The new directive is a reinstatement of the Obama administration policy pre-2015 with several added protections for property owners, according to a Department of Justice release.

The rule sets a threshold for value of seized property, meaning anything under $10,000, law enforcement would have to take extra steps to justify the taking. The new rule requires some justification of probable cause under which the property was seized during a legal review process, and it promises to speed up notification of property owners, so they can contest these takings. Each of these protections seem to have wiggle room as written, however, and it’s unclear how this rule might fare under challenge in court.

“Instead of revising forfeiture practices in a manner to better protect Americans’ due process rights, the DOJ seems determined to lose in court before it changes its policies for the better,” said Sen. Mike Lee of Utah, who has long backed reform in this area.

In remarks announcing the rule, Sessions said “civil asset forfeiture is a key tool that helps law enforcement defund organized crime, take back ill-gotten gains, and prevent new crimes from being committed, and it weakens the criminals and the cartels.”

But he also made clear in those very remarks just how much this is about money: “Civil asset forfeiture takes the material support of the criminals and instead makes it the material support of law enforcement, funding priorities like new vehicles, bulletproof vests, opioid overdose reversal kits, and better training. In departments across this country, funds that were once used to take lives are now being used to save lives.”

This kind of incentive has led to abuse of this law enforcement tool across the country. The Pennsylvania Supreme Court recently limited the powers of law enforcement there. When a West Philadelphia grandmother who had her home and car taken because her grandson was arrested under suspicion of selling marijuana on her property, her case brought attention to one of the most abusive asset forfeiture regimes, where Philadelphia had seized some $6 million a year on the practice.

Sen. Rand Paul’s FAIR Act, a proposed federal reform of these rules, proposes seized assets go to the general Treasury fund instead of directly to law enforcement, to reduce this incentive.

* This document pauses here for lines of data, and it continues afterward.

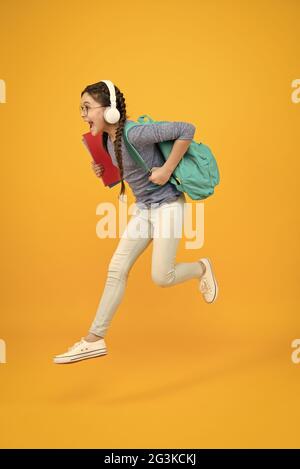 Chase your dream. Energetic kid hurry to school. Happy child in energetic jump yellow background. Energetic mood. Healthy and energetic. School Stock Photo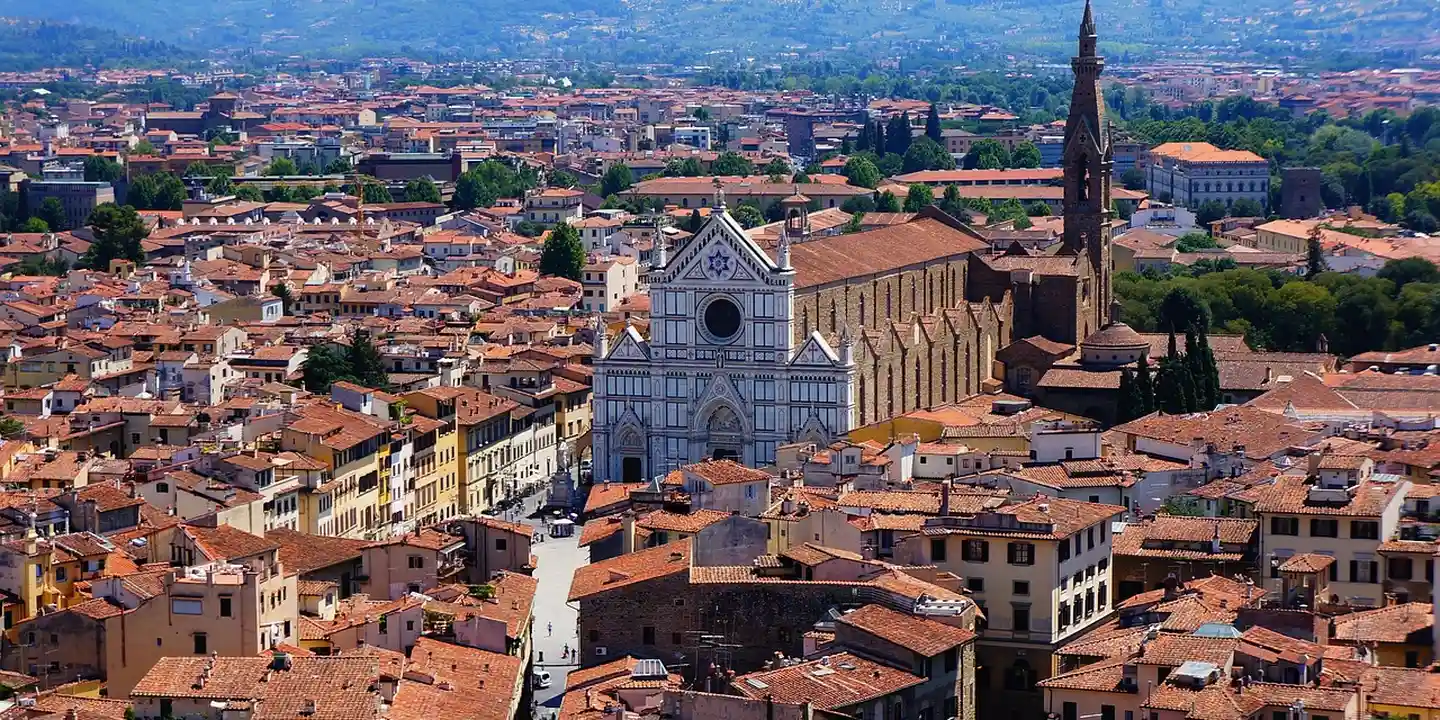 Aerial view of a historic Italian town with dense red-tiled roofs and a prominent stone church
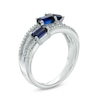Thumbnail Image 1 of Emerald-Cut Lab-Created Blue Sapphire and 0.11 CT. T.W. Diamond Three Stone Slant Ring in Sterling Silver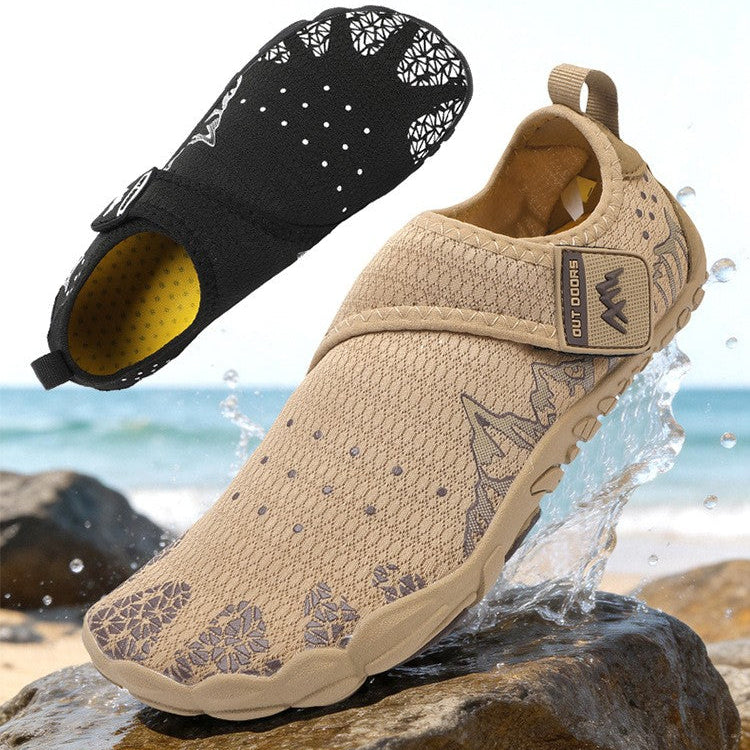 A pair of slip-on water shoes shown on a beach background, with one shoe floating above the water and one resting on wet rocks. The top shoe is black with white speckled patterns and a yellow interior, while the bottom shoe is beige with a textured knit upper and a small brown brand tab.
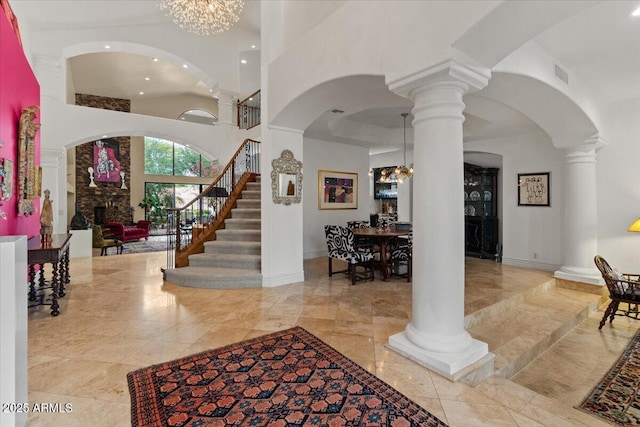 11821 S Tuzigoot Ct, Phoenix, AZ 85044 - entrance foyer featuring visible vents, a notable chandelier, decorative columns, recessed lighting, and a towering ceiling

One of the problems with the new DOJ rule is that “federal adoption” has been used in the past to circumvent state restrictions on forfeiture. Here’s Radley Balko on the pernicious effects of that policy:

The adoption policy is an end-around the state legislatures. It’s one thing if an investigation involves significant participation between federal and state or local law enforcement, and that investigation produces forfeiture proceeds to be divvied up. Such investigations comprise a broader class of forfeitures that are known as ‘equitable sharing’ cases. They’re still problematic, especially if it’s a civil forfeiture that doesn’t require the state to produce any actual criminal charges. But adoption cases are much more pernicious. The sole purpose of the adoption policy is to give police agencies a way to ignore state law. It was devised to let local cases become federal cases with little to no involvement from actual federal law enforcement officials.

This is why the Obama administration tried to phase out the program. As I pointed out at the time, then-Attorney General Eric Holder’s plan to phase out the adoption policy would affect only about 5 to 6 percent of federal civil forfeiture cases. But it would end the policy in states where the legislature (and, presumably, the people) had tried to pass laws protecting people from unjust forfeitures.

The issue of civil asset forfeiture reform has made strange ideological bedfellows for a reason. A 2016 YouGov poll showed 84 percent of Americans opposed asset forfeiture without a conviction. The problems with the practice are obvious and have given reform momentum as it becomes more well-known.

The Trump administration came into office with promises of respecting state decision-making and “draining the swamp.” This decision is a disappointing violation of both.